Founder Charles Veley is a retired software executive from San Francisco. After cashing out in 1999, he spent his time and earnings traveling the world. He set up the website and according to their members, the world is made up of 673 countries, territories, autonomous regions, enclaves, geographically separated island groups and major states and provinces. Just to be clear: there aren’t 673 countries in the world. The United Nations lists 193. But to visit all 673 of the places Charles lists on his site would be to go “everywhere”. Charles is listed at the top, having visited a whopping 629 of them. I, on the other hand, have only been to 102. I know – I’m a slacker. Actually, I checked out some of Charles’ travels and that man hops around way too much. By the looks of the dates of his travels, as recorded on his site, Charles sometimes went to four places in one day! That’s crazy. I keep reminding myself that traveling is not just about putting pins on a map (though it is fun and I still stare at my map every day). My goal is not just to set foot on the soil of a particular place but to really see it, understand the culture, the people, the food, everything. But don’t get me wrong! I’m still envious of Charles and I have some serious catching up to do! By the time I’m 80, I hope to have all 673 pins on my map.

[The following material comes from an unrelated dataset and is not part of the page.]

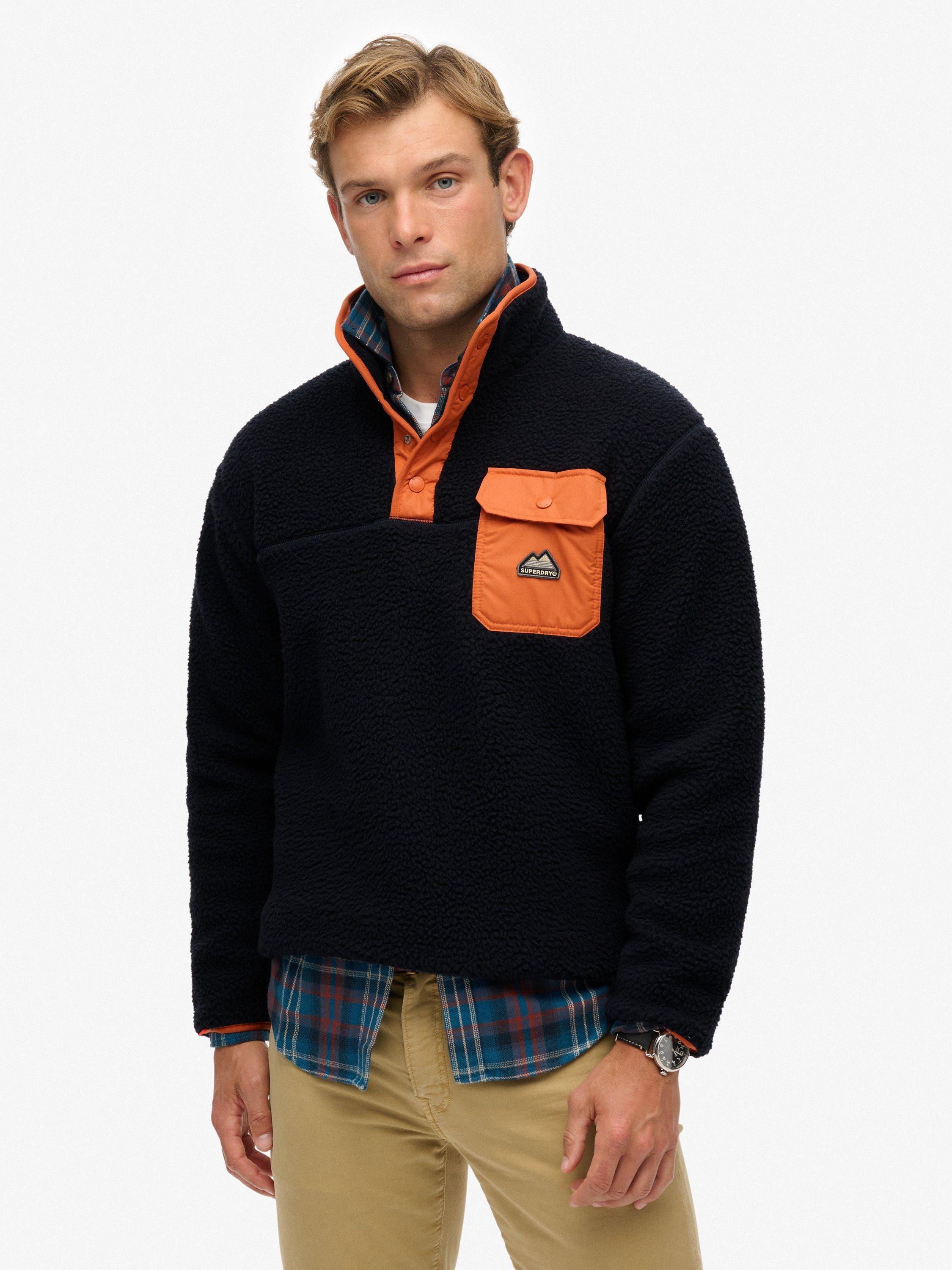 Product image 1 of 6, which shows Superdry Fuji Fleece Half Popper Jumper, Eclipse Navy, S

Before the Internet, travel enthusiasts would often spend time clipping travel articles from magazines. Many still do this but it’s not very organized or convenient. Then came along Warner Johnson, a Harlem-based entrepreneur who launched a new type of web-based travel service that the NY Times calls the first aggregator of glossy news. Warner and his crew spent months going back two years, reading old issues of Vogue, Tatler, British Harper's Bazaar, Daily Candy, The FT, Vanity Fair, W, Wallpaper, Town and Country, Elle and Elle Decor. They then listed that content on their website, so people could find information on where to stay and where to eat at destinations around the world. Any Internet user can peruse their offerings for free and can “clip” interesting tidbits and store them in an online file. If you missed something or want to write your own post, you can do so in your “My Clippings” file. It’s pretty handy; you should try it out.